With that said - I feel guilty that I have no desire to be in touch with my immediate family members anymore (my mother, brother & sister). The guilt came on when I realized that I wasn't thinking about them anymore - and just living my life without them.
Why should I keep in touch with them. Is it necessary just because they are blood relatives of mine? Two of them (mother & brother) don't even recognize me anymore, and my sister is in her own world.
I rationalize that I am happier with the distance and lack of contact. But am I just hiding? Are my physical ailments caused by buried unresolved issues? The last time I worked on these issues I fell into "playing the victim" mode. It took a lot to get me out of that mindset. I don't want to go back in my recovery.

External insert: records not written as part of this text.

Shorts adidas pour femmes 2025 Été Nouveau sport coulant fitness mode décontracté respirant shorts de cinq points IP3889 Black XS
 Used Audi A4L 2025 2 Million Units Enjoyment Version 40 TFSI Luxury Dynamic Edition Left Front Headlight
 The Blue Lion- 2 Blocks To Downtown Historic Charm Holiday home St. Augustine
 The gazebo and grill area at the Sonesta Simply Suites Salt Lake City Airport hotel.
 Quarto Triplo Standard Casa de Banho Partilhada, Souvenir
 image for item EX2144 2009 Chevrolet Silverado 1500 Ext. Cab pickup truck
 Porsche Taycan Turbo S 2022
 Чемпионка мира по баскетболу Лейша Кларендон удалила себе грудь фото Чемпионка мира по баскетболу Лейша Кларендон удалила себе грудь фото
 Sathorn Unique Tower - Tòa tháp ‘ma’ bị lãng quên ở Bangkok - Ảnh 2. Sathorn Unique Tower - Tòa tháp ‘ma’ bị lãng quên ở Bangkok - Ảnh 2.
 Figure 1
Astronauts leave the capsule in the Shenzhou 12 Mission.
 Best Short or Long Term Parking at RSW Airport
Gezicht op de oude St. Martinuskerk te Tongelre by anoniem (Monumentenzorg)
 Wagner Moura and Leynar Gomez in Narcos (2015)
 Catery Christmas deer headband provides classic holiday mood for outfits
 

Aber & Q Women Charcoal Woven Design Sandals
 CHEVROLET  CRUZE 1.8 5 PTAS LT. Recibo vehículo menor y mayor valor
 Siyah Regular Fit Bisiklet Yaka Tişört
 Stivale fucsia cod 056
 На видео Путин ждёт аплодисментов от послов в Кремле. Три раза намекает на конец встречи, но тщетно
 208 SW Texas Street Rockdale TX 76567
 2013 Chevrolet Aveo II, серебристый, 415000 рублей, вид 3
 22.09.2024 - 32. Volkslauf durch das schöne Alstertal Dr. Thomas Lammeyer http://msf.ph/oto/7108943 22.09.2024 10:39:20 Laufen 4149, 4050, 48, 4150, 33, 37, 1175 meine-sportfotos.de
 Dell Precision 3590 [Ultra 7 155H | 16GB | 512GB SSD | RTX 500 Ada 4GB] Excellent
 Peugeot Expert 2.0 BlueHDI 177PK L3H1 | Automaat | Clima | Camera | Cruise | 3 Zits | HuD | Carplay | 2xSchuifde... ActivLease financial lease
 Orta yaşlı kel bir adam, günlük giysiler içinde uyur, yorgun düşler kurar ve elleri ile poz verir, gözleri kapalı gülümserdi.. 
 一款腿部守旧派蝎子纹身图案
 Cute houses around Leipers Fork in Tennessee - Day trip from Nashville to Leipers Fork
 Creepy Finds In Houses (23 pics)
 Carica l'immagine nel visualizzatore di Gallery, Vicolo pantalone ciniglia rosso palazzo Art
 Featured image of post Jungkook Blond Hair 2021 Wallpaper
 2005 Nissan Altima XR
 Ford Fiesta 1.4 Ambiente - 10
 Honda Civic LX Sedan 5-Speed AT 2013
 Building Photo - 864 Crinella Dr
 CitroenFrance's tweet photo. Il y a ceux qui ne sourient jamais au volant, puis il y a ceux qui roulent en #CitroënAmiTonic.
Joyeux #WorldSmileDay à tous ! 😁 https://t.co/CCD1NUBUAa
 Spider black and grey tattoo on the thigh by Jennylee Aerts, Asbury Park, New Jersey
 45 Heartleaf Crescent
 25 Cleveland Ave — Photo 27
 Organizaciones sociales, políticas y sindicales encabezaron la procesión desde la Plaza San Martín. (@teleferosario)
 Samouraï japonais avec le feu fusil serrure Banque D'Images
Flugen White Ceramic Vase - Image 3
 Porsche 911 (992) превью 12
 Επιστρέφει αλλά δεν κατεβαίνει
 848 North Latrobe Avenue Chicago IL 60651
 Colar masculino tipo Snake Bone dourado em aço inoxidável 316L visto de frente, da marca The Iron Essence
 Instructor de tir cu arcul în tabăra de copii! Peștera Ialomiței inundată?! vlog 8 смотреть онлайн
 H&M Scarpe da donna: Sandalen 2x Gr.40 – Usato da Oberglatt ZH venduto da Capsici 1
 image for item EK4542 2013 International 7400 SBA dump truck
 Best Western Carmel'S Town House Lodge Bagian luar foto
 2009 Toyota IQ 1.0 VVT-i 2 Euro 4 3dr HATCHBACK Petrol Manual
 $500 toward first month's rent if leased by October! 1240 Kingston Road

As an adult child, guilt is my middle name. I don't know if I have any really good info on guilt to fit your situation. I have always had a close relationship with my family. From the other side of the fence though, I have family members I almost never hear from. It's a understood thing that I just don't hear from them much. When I do, I am happy to hear from them.
I don't spend any time stomping around cussing that I never hear from my cousin. I would certainly hope that he feels no guilt in not staying in closer touch. Over the years, he seemed to be a little put out when I forced the issue and contacted him all the time, so now I just don't.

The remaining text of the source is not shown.